Golden Dreams and Leaden Realities 43
To avoid the troublesome task of moving the engine we drained the
second hole, which was quite small, by means of an immense wooden pump
requiring three men to work it. They were relieved every half hour by
a second set, and thus the work went on day and night, till the water
was low enough to admit of a thorough exploration, and we found there
was hardly gold enough to pay us for the expense of pumping.
The lowest, and by far the largest, hollow still remained, and to
this we now directed all our energies. As there was no place on the
bank sufficiently level to set up our engine, and as we had already
experienced the inconvenience of a stationary support, we determined
to build a flatboat large enough to contain the engine, pump, and all
its appendages. The boat was christened by Capt. Sampson the Hoosier
or Who za? and was, I believe, the first steamboat ever built on
the American River, if not in California. It answered the purpose
admirably, falling with the water and thus keeping the pump always
level with the surface.

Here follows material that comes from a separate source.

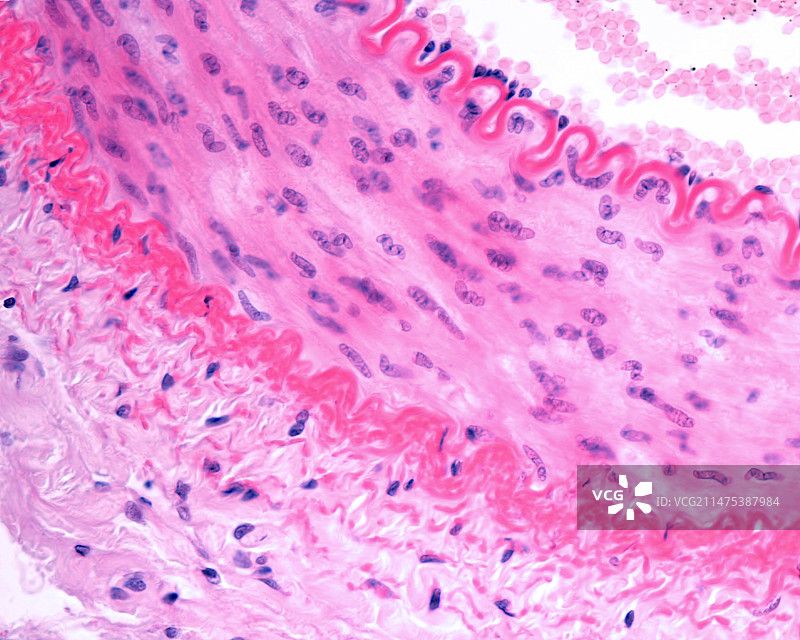 肌肉动脉显微照片图片素材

We had need of every advantage, for besides
the great extent of the hole, we were obliged, in order to comply with
our agreement, to raise the water some fifteen feet above its average
level; and it was nearly a week before we were able to resume our
mining operations. The untiring engine was kept at work day and night;
but as our engineer, though a very clever fellow, was not made of the
same material, it was necessary to provide him with an assistant.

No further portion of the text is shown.